What do Einstein, Mahatma Ghandi, Ehud Olmert and myself all have in common? We could each be censured for racism according to the European Union Monitoring Centre’s “working definition of anti-Semitism” which was last week adopted by the National Union of Students as official policy.

(the full definition can be found here: http://eumc.europa.eu/eumc/material/pub/AS/AS-WorkingDefinition-draft.pdf)

This definition has lately been sweeping all before it, taking endorsements everywhere from the all-party parliamentary Report on anti-Semitism to the US state department’s special envoy for combating anti-Semitism. The British government has pledged to re-examine its own definition of anti-Semitism if the EUMC’s successor body, the Fundamental Rights Agency, ratifies the new lingua franca.

So it’s actually a bit shocking to discover that the new definition was largely drafted by a pro-Israel advocate who gives talks on how to elide the distinction between anti-Zionism and hatred of Jews. Kenneth Stern is the American Jewish Committee’s expert on anti-Semitism and in Defining Anti-Semitism, a paper published by Tel Aviv University’s Stephen Roth Institute, he explained how he developed the working definition “along with other experts” in the second half of 2004.

Significantly, it involved crunching religious and racial hatred of Jews with what he labeled “political” anti-Semitism. This latter, he claimed, has been “otherwise known in recent years as anti-Zionism, which treats Israel as the classic Jew”. Political anti-Semites could thus include, for example, those who “seek to disqualify Israel from equal membership in the community of nations”, presumably by means of boycott initiatives. Naturally, comparing Israel to apartheid-era South Africa is also, within Kenneth Stern’s framework, “an expression of anti-Semitism”.
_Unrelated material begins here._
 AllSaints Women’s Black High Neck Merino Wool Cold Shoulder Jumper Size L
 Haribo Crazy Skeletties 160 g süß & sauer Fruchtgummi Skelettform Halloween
His organization, the AJC, boasts that during the consultation period, the EUMC accepted its invitation to convene a consultation over the working definition. Unlike some of the other Jewish contributors to the consultation process, the AJC’s mission statement lists building support for “Israel’s quest for peace and security” and countering “the treatment of Israel at the United Nations” among its most pressing concerns. But Stern seems to be particularly interested in discrediting anti-Zionism. The flyer for a meeting on “anti-Semitism and anti-Zionism”, which he is giving next month, says he will be addressing the question: “What are the essential ingredients of strategies to combat anti-Zionism as anti-Semitism both here and abroad?”

At the risk of sounding flip, I’d say that persuading policy makers to blur the difference between the two in their working definition might be a good start. The EUMC ended up doing precisely this. “Anti-Semitism,” its report began, “is a certain perception of Jews, which may be expressed as hatred.” Such a perception could include stereotypical or dehumanizing libels about, for example:

Holding Jews collectively responsible for actions of the state of Israel

Jewish peace activists have always balked at this last point, dissociating themselves from war crimes committed in their names. Sadly, Ehud Olmert was not so circumspect when, on July 7, he told the United Jewish Communities that the invasion of Lebanon was “a war fought by all the Jews”.

Read the whole piece here,
http://commentisfree.guardian.co.uk/arthur_neslen/2007/04/when_an_antisemite_is_not_an_a.html

Kenneth Stern is clearly out of sync with the progressive Jewish community and the progressive community in general.